CUPE Sessionals/TAs/Librarians


Grand Total


Measuring academic salaries year over year against revenue that has changed in nature and purpose is not a valid metric.


  • Since 2006/07 the breadth of our overall operating revenues has expanded
  • We have recorded increased revenues in several categories which do not typically support academic salaries.
  • Other Provincial Grant Revenues increased from $4.5M in 2006/07 to $19.6M in 2007/08 (Manitoba Health and Manitoba Student Aid predominantly)
  • Miscellaneous Revenues increased from $2.7M in 2006/07 to $12.4M in 2014/15. In 2011/12 miscellaneous revenues exceeded $17M. Insurance proceeds from the Duff Fire were recorded in this category. Approximately $35 million in insurance proceeds were recorded as operating fund revenues between 2009/10 and 2014/15.
  • All Academic Staff (including excluded academic administrators, unionized academic staff and other academic staff) salaries represent 56.5% of total salary expenditures. This percentage has remained constant for the past eight years.
  • Unionized Academic Staff salaries represent 45% of total salary expenditures. This percentage has remained constant for the past eight years. 
  • All Support Staff salaries represent 41% of total salary expenditures. This percentage has also remained constant for the past eight years. 
  • Total salaries currently represent 61% of total expenses down from 67.1% or total expenses in 2006/07. 
  • Benefit and Payroll Tax costs currently represent 14.1 % of total expenses up from 11.5% in 2006/07. This is the result of the mandatory pension payments. 
  • Non-salary costs currently represent 24.9% of total expenses up from 21.4% on 2006/07. This is the result of increased investment in student financial support from $3.4 million in 2006/07 to $12.4M in 2014/15 as well as targeted increased revenues from External Sources (such as Manitoba Health, Manitoba Student Aid and Insurance Proceeds) that predominantly funds non-salary expenses.

11. Attachment 4 of the 2014-15 Operating Budget Funding Summary shows that $3.1 million will be used for wireless and classroom technology. Are these repairs and/or some kind of upgrades? Where will this expenditure appear on the 2014-15 financial statements? Will this be a transfer from Operating to Capital?

The plan for the classroom technology project is to enhance the learning experience with technology in 45 classrooms: 13 upgrades and 32 new installations

The plan for wireless is to install another 12 outdoor access points, increase coverage in high density areas, improve coverage in tunnels and to upgrade the wireless network management and authentication services.

The expenditures will be a combination of capital and non-capital expenditures. An inter-fund transfer will be prepared for expenditures deemed capital.


12. Supplementary schedules for the 2009-10 and 2010-11 fiscal years were available on the UM website at one time but we can no longer find them. Have they been removed? If so, why?

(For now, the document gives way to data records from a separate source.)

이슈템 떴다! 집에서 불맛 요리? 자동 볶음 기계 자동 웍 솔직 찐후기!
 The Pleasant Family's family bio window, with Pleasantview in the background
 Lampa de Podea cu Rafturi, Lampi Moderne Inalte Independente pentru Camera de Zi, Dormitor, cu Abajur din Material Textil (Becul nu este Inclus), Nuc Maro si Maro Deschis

The schedules are not required disclosure and due to the manpower involved in creating the schedules, as well as the time constraints on financial reporting staff meeting the Board reporting requirements, we discontinued publishing these schedules. Information on the allocation of resources between faculties and units is publically available on the university website at http://umanitoba.ca/admin/vp_admin/financial.html


13. Were supplementary schedules produced for the 2011-12, 2012-13 and 2013-14 fiscal years? Were they posted on the website? If not, why not? Can we get them?

These schedules are not available. The schedules originated when the university operated a mainframe system and access to data was cumbersome. With the introduction of Banner and FAST on April 1, 2006, access to data has been greatly enhanced. The schedules were left in place for a few years after the introduction of the new system, but eventually discontinued as indicated above.


14. Who authorizes expenditures from the Central Reserves (VP Administration Report, 2013-2014 Annual Financial Report, page 8)?

Transfers to fund scale increases, steps/increments, promotion increments, anomalies awards, travel and expense allocations, clothing allowances, St. Boniface hospital parking reimbursements etc. are delegated to Financial Services and Human Resources. All other transfers are authorized by the Office of the Vice-President responsible for the central reserve.